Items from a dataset
---------------

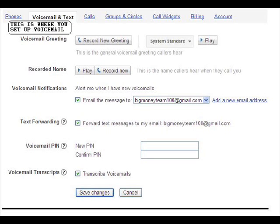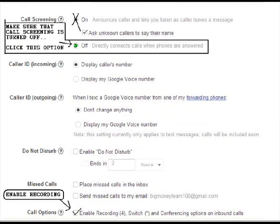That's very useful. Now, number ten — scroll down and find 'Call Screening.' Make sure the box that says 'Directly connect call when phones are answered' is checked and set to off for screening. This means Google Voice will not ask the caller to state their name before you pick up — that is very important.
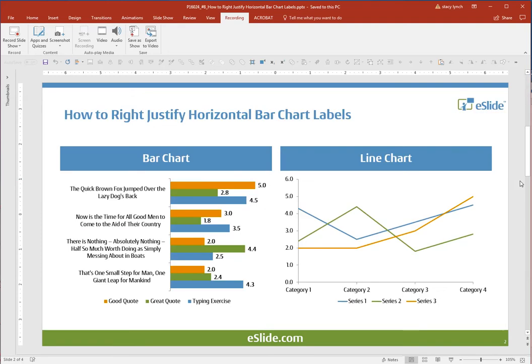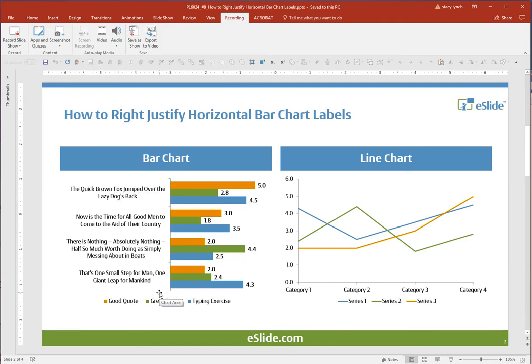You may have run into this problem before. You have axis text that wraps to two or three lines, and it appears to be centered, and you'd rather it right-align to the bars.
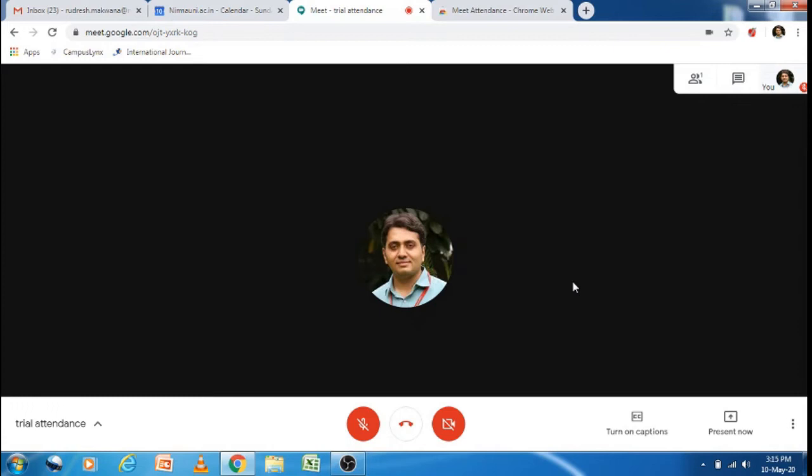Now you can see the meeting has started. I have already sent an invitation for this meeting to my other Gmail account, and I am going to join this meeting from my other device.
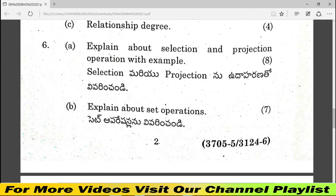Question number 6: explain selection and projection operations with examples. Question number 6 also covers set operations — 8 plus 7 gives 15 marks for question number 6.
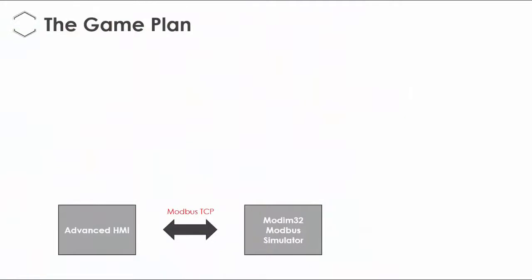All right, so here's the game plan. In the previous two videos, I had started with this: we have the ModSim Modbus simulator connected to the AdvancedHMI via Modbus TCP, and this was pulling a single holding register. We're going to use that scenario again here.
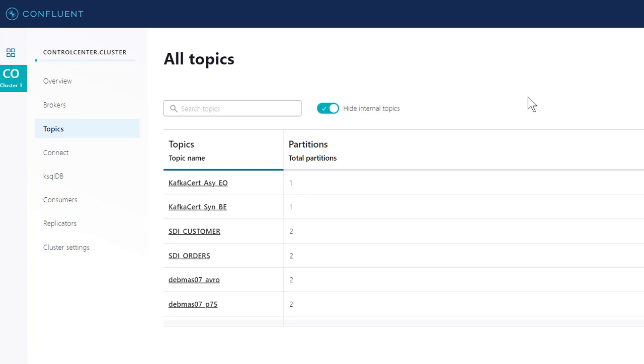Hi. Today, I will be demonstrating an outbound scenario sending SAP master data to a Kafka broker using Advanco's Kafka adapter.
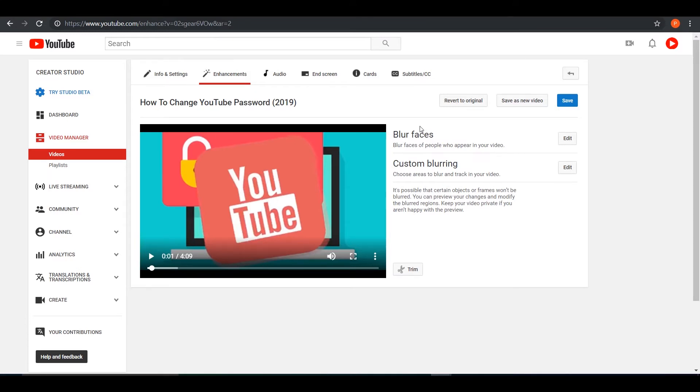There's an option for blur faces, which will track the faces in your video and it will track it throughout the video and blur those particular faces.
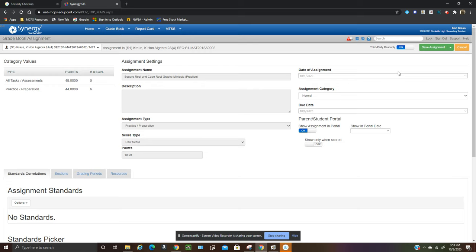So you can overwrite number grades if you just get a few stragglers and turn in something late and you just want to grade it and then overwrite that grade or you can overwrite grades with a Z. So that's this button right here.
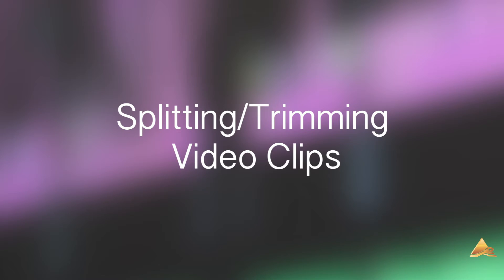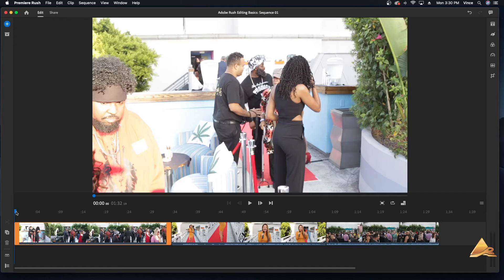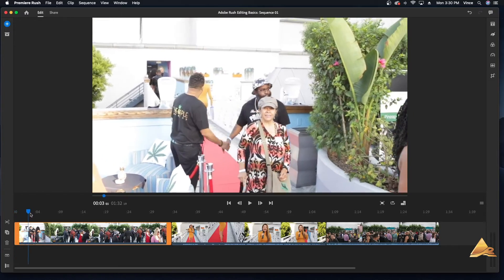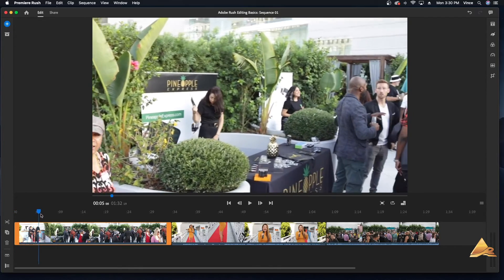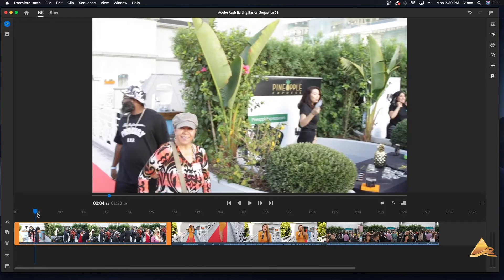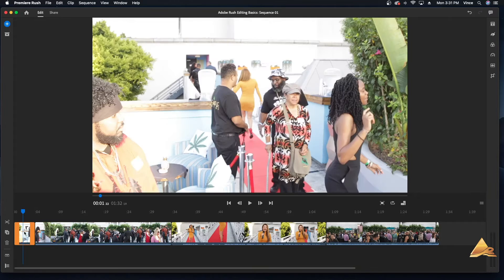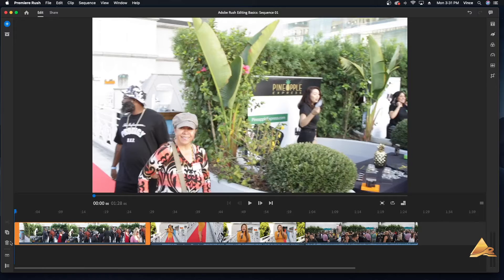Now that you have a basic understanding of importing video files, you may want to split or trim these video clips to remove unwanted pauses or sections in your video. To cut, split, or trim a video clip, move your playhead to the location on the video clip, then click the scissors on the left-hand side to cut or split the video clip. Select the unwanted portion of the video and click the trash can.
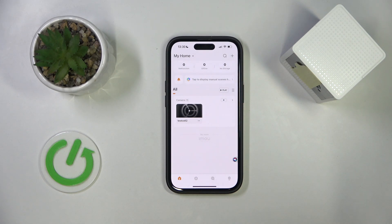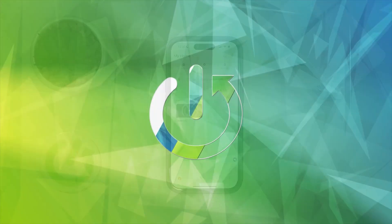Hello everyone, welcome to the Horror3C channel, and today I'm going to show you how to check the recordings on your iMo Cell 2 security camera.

---------------

To do –
Although the records above contain pictures, only their text is to be repeated, exactly as given.

Written solution –
That's very useful. Now, number ten — scroll down and find 'Call Screening.' Make sure the box that says 'Directly connect call when phones are answered' is checked and set to off for screening. This means Google Voice will not ask the caller to state their name before you pick up — that is very important.
You may have run into this problem before. You have axis text that wraps to two or three lines, and it appears to be centered, and you'd rather it right-align to the bars.
Now you can see the meeting has started. I have already sent an invitation for this meeting to my other Gmail account, and I am going to join this meeting from my other device.
Question number 6: explain selection and projection operations with examples. Question number 6 also covers set operations — 8 plus 7 gives 15 marks for question number 6.
All right, so here's the game plan. In the previous two videos, I had started with this: we have the ModSim Modbus simulator connected to the AdvancedHMI via Modbus TCP, and this was pulling a single holding register. We're going to use that scenario again here.
Hi. Today, I will be demonstrating an outbound scenario sending SAP master data to a Kafka broker using Advanco's Kafka adapter.
There's an option for blur faces, which will track the faces in your video and it will track it throughout the video and blur those particular faces.
So you can overwrite number grades if you just get a few stragglers and turn in something late and you just want to grade it and then overwrite that grade or you can overwrite grades with a Z. So that's this button right here.
Now that you have a basic understanding of importing video files, you may want to split or trim these video clips to remove unwanted pauses or sections in your video. To cut, split, or trim a video clip, move your playhead to the location on the video clip, then click the scissors on the left-hand side to cut or split the video clip. Select the unwanted portion of the video and click the trash can.
Hello everyone, welcome to the Horror3C channel, and today I'm going to show you how to check the recordings on your iMo Cell 2 security camera.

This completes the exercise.